Statement parses RSS feeds and HTML pages containing press releases and other official statements from members of Congress, and produces hashes with information about those pages. It has been tested under Ruby 1.9.3 and 2.x.
Statement currently parses press releases for members of the House and Senate. For members with RSS feeds, you can pass the feed URL into Statement. For members without RSS feeds (or with broken ones), HTML scrapers are provided, as are methods for special groups, such as House Republicans. Suggestions are welcomed.
Add this line to your application's Gemfile:
gem 'statement'
And then execute:
$ bundle
Or install it yourself as:
$ gem install statement
Statement provides access to press releases, Facebook status updates and tweets from members of Congress. Most congressional offices have RSS feeds but some require HTML scraping.

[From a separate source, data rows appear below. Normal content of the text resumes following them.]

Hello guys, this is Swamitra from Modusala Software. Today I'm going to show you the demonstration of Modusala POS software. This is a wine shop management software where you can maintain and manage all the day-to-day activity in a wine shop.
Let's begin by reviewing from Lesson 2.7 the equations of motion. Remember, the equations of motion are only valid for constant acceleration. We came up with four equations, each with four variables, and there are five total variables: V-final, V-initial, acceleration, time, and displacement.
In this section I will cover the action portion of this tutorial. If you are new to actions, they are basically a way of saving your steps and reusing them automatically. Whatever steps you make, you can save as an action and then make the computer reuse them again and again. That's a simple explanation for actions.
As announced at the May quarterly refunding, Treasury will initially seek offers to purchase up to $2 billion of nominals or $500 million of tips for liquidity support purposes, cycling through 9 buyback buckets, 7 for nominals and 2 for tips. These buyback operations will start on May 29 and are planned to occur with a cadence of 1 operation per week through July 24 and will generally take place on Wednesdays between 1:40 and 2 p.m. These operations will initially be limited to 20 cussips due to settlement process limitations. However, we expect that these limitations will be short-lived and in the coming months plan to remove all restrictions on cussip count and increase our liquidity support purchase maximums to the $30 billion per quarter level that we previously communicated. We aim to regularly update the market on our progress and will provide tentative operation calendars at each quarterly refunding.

To configure Statement to pull from the Twitter and Facebook APIs, you can pass in configuration values via a hash or a config.yml
file:
require 'rubygems'
require 'statement'
Statement.configure(:oauth_token => token, :oauth_token_secret => secret, ...) # option 1
Statement.configure_with("config.yml") # option 2
If you don't need to use the Twitter or Facebook APIs, you don't need to setup configuration.

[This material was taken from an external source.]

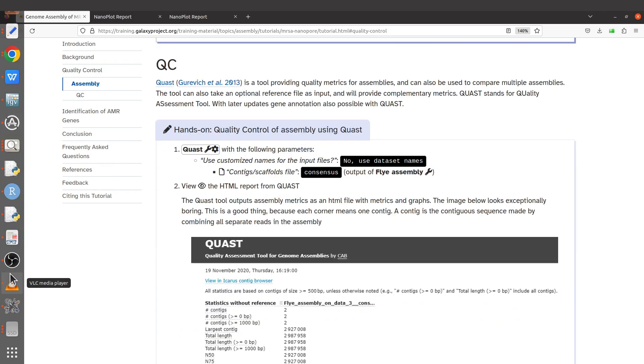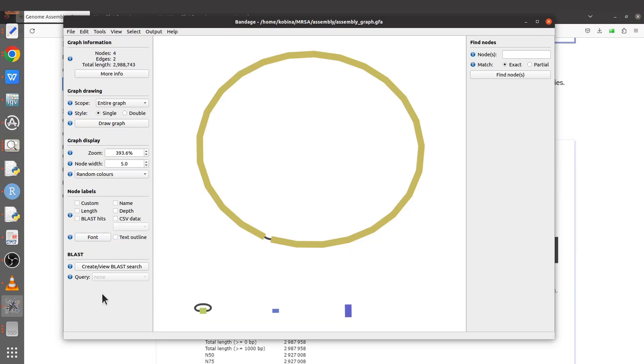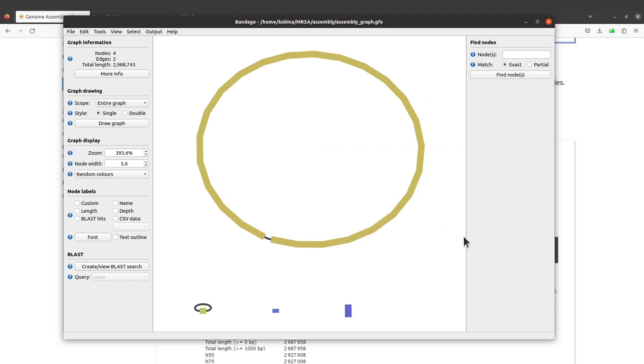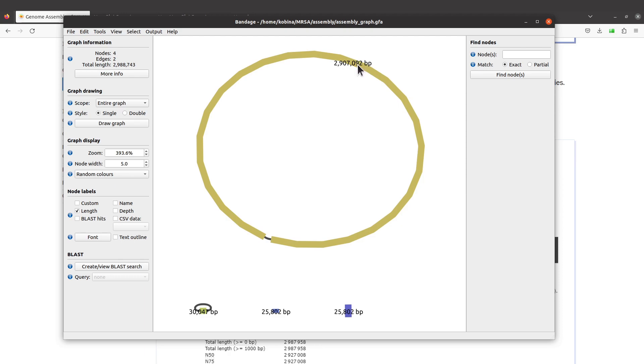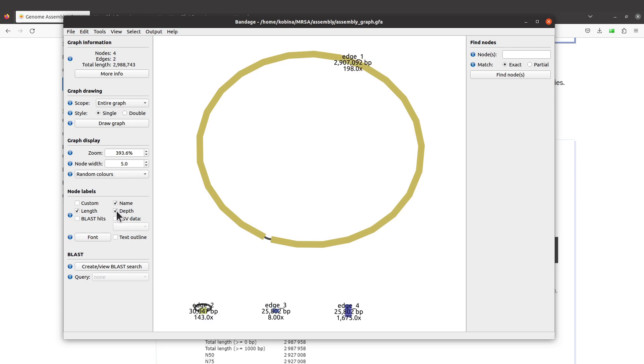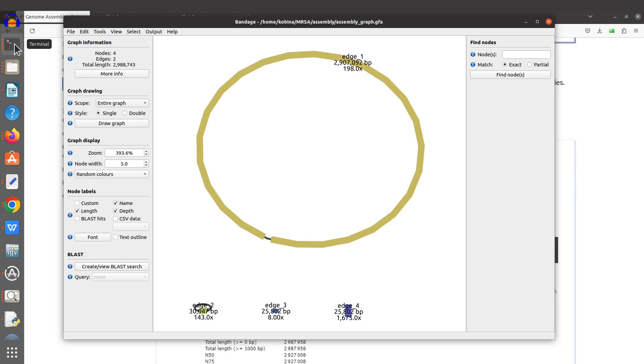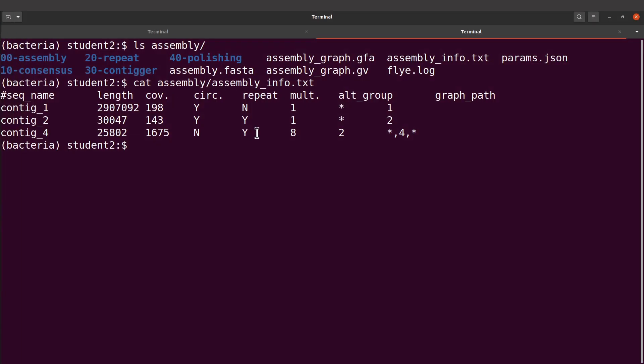Now with the assembly graph that you have, if you display it, it's possible to annotate. You can add your length. When you check it, you will see this one as 2.9 Mb. You can add a name. You can also add your coverage. Remember we had 198 on the table. That is what has been displayed here. That's for the depths.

To parse an RSS feed, simply pass the URL to Statement's Feed class:
require 'rubygems'
require 'statement'
results = Statement::Feed.from_rss('http://blumenauer.house.gov/index.php?option=com_bca-rss-syndicator&feed_id=1')
puts results.first
{:source=>"http://blumenauer.house.gov/index.php?option=com_bca-rss-syndicator&feed_id=1", :url=>"http://blumenauer.house.gov/index.php?option=com_content&view=article&id=2203:blumenauer-qwe-need-a-national-system-that-speaks-to-the-transportation-challenges-of-todayq&catid=66:2013-press-releases", :title=>"Blumenauer: "We need a national system that speaks to the transportation challenges of ...", :date=>#<Date: 2013-04-24 ((2456407j,0s,0n),+0s,2299161j)>, :domain=>"blumenauer.house.gov"}
Statement will try to parse a date if an RSS feed contains a PubDate
element; if not it will return nil
.
If you have a batch of RSS URLs, you can pass them to Feed's batch
class method, which will use Typhoeus to fetch them in parallel and returns a two-element array of results and failed urls:
urls = ['http://aderholt.house.gov/common/rss//index.cfm?rss=20', 'http://andrews.house.gov/rss.xml', "http://alexander.house.gov/common/rss/?rss=24", "http://amash.house.gov/rss.xml"]

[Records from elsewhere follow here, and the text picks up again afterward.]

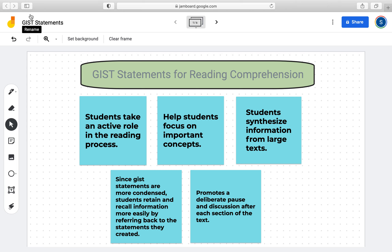According to an article on the Cult of Pedagogy, the author highlights how if revision and discussion of a text happens during a deliberate pause, students tend to remember the information better than if it happens after reading the whole text. So these are just some benefits of using GIST statements while reading texts in science class.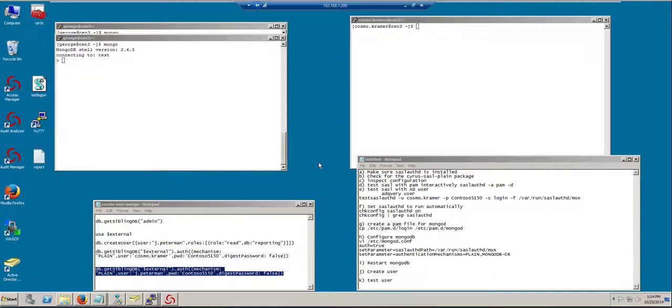In part 3 of this series, we will explore the additional benefits of using Centrify to secure access to Active Directory.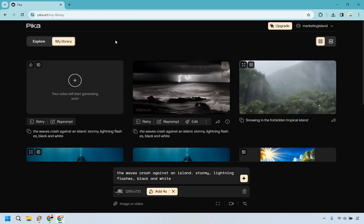And of course, the video is going to start generating soon. So once that is done, I will be right back, and then I will show you how I added a few more seconds to the video.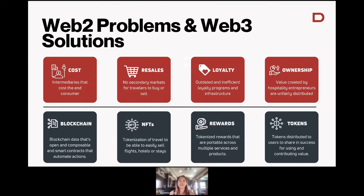So what are the problems that exist in the travel space today? Why do we need Web3, and how will Web3 solve some of these problems?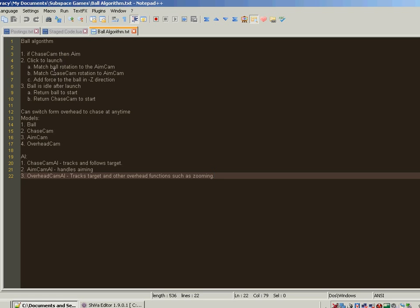When you're making a game, you probably want to plan things out so you don't have to make too many changes in retrospect to code that maybe wasn't implemented the right way. I did this in Notepad++. For the ball algorithm, we're going to have a couple of different kinds of cameras. There's going to be an overhead cam and a chase cam. If we're in chase cam mode, we're looking at the back of the ball ready to launch it, so we're in a position to aim. Once things are aimed, we click to launch.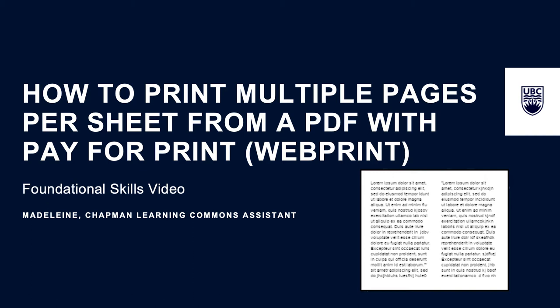Instead, you need to save the document in that format as a PDF first and then upload this new PDF to WebPrint. This tutorial will show you how to do this on a Mac.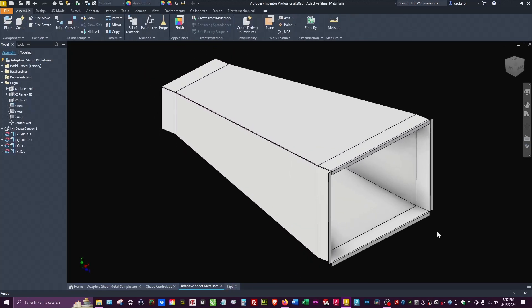That's adaptive sheet metal. I hope this was helpful. If you have any questions, go ahead and contact me. Thank you very much. Have a great one.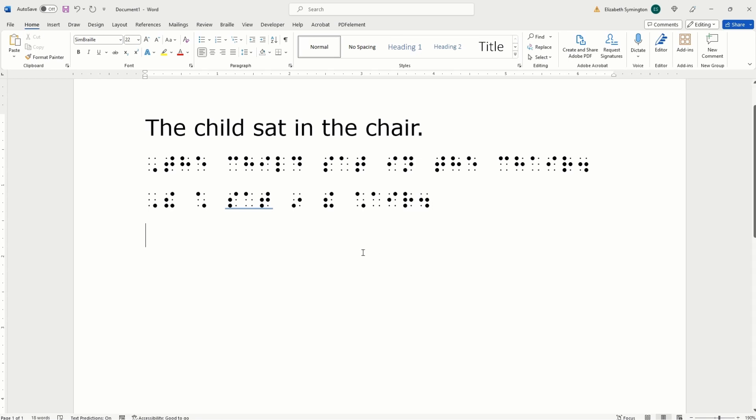And let's double check our work. So we have a capital letter indicator. This symbol for T-H-E. We have the word sign for child. S-A-T is spelled out. Word sign for I-N.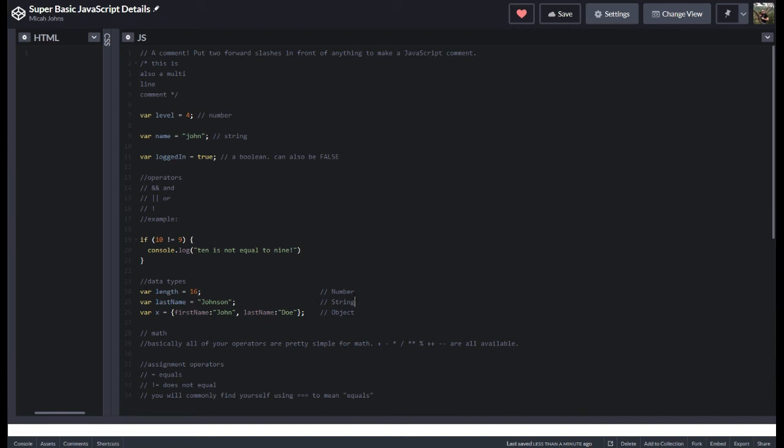So we kind of went over the data types already. We forgot the object. So an object looks like this. It has key value pairs inside of curly brackets, right? So this is the format you would set up an object.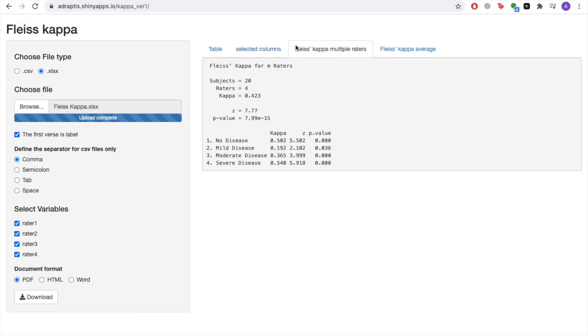You can then view the results of your analysis by clicking the Fleiss Kappa Multiple Raters tab. For a guide on how to interpret these results, please refer to the text on the Arbya statistics website.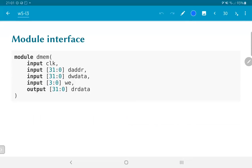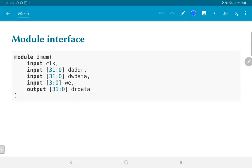The module interface in terms of Verilog basically says that the DMEM module would have a clock input. This is required for the synchronous write operations. It could also be used for synchronous read. What we will then have is a 32-bit address, 32-bit write data that goes into the memory along with a 4-bit write enable which allows us to select which of the four banks is being written into. And of course the output of the memory itself is a 32-bit read data.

results, failures = Statement::Feed.batch(urls)
The sites that require HTML scraping are detailed in individual methods, and can be called individually or in bulk:
results = Statement::Scraper.billnelson
members = Statement::Scraper.member_scrapers
Using the koala
gem, Statement can fetch Facebook status feeds, given a Facebook ID. You'll need to either set environment variables APP_ID
and APP_SECRET
or create a config.yml
file containing app_id
and app_secret
keys and values.
f = Statement::Facebook.new
results = f.feed('RepFincherTN08')
It also can process IDs in batches by passing an array of IDs and a slice
argument to indicate how many ids in each batch:
f = Statement::Facebook.new
results = f.batch(facebook_ids, 10)
In all cases Statement strips out posts that are not by the ID, and returns a Hash containing attributes from the feed:
{:id=>"9307301412_10151632750071413", :body=>"This is Gold Star Mother Larraine McGee whose son, Christopher Everett, Army National Guard, was killed in action September 2005. Precious family.", :link=>"http://www.facebook.com/photo.php?fbid=10151632750021413&set=a.118418671412.133511.9307301412&type=1&relevant_count=1", :title=>nil, :type=>"photo", :status_type=>"added_photos", :created_time=>#<DateTime: 2013-05-28T14:49:08+00:00 ((2456441j,53348s,0n),+0s,2299161j)>, :updated_time=>#<DateTime: 2013-05-28T17:41:37+00:00 ((2456441j,63697s,0n),+0s,2299161j)>, :facebook_id=>"9307301412"}
Using the twitter
gem, Statement can retrieve individual user timelines or list timelines:
t = Statement::Tweets.new
t.timeline('Robert_Aderholt')
[{:id=>344168849484169216, :body=>"Check out the @GOPLeader's weekly schedule for the House this week. http://t.co/mh3FZnK4a8", :link=>"http://majorityleader.gov/floor/weekly.html", :in_reply_to_screen_name=>nil, :total_tweets=>699, :created_time=>2013-06-10 15:07:02 -0400, :retweets=>0, :favorites=>0, :screen_name=>"Robert_Aderholt"}...]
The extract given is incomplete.